_Exercise goal_:
Print the line containing "A baby medium-sized" and all lines after it to the end of the records below, exactly as written. No pictures.

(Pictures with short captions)
※

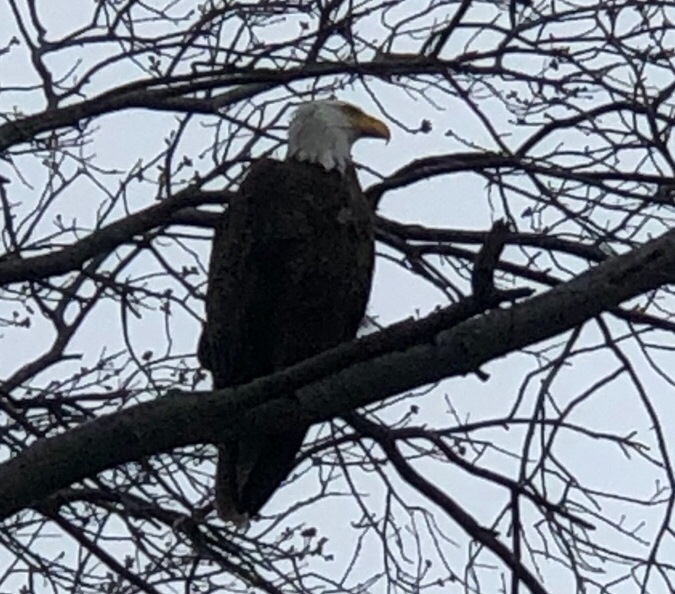 This bald eagle was spotted in a tree near the Massachusetts Avenue bridge on April 20.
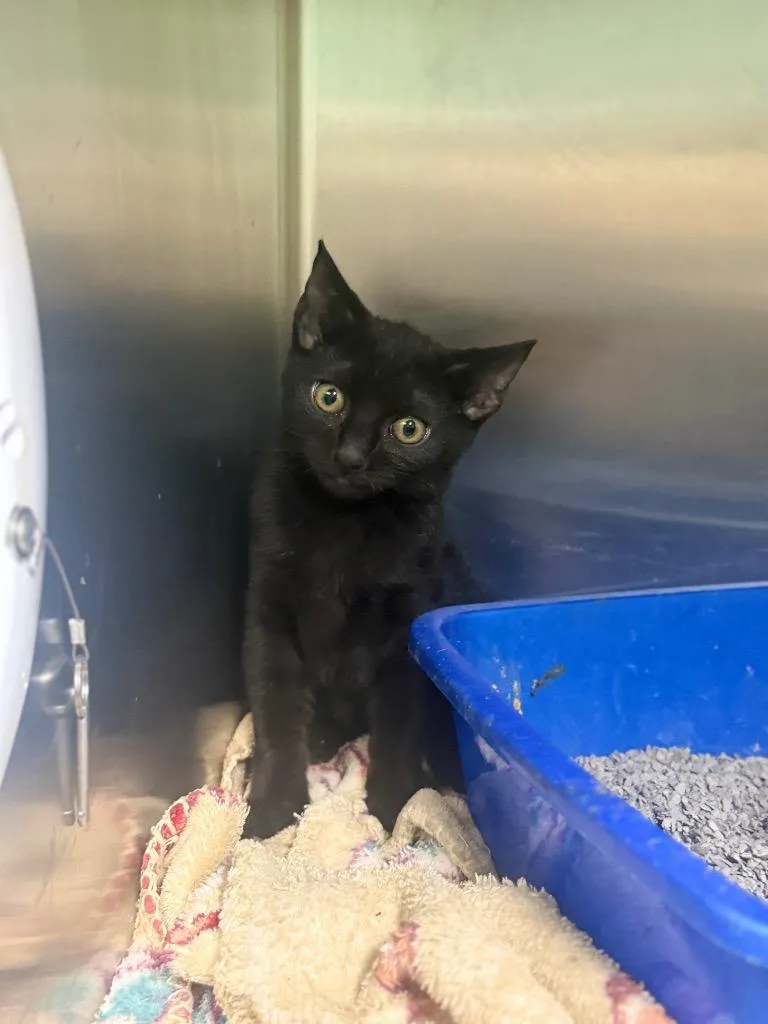 A baby medium-sized male Domestic Short Hair cat named Cerus for adoption in Waverly, TN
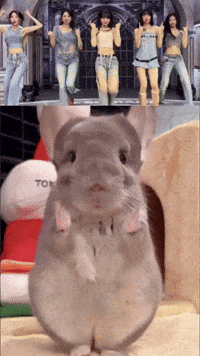 Chinchilla Sue GIF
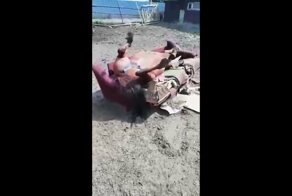 Злодей не дал поспать лошадке на диване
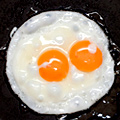 UD - Organic Omelets at the Palms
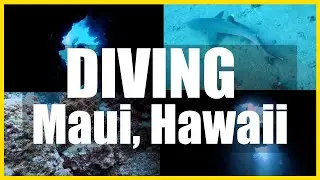Destination Diving in Hawaii | Eels, Sharks, Octopus | Wide Open Sportsman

※

_Exercise output_:
 A baby medium-sized male Domestic Short Hair cat named Cerus for adoption in Waverly, TN
 Chinchilla Sue GIF
 Злодей не дал поспать лошадке на диване
 UD - Organic Omelets at the Palms
Destination Diving in Hawaii | Eels, Sharks, Octopus | Wide Open Sportsman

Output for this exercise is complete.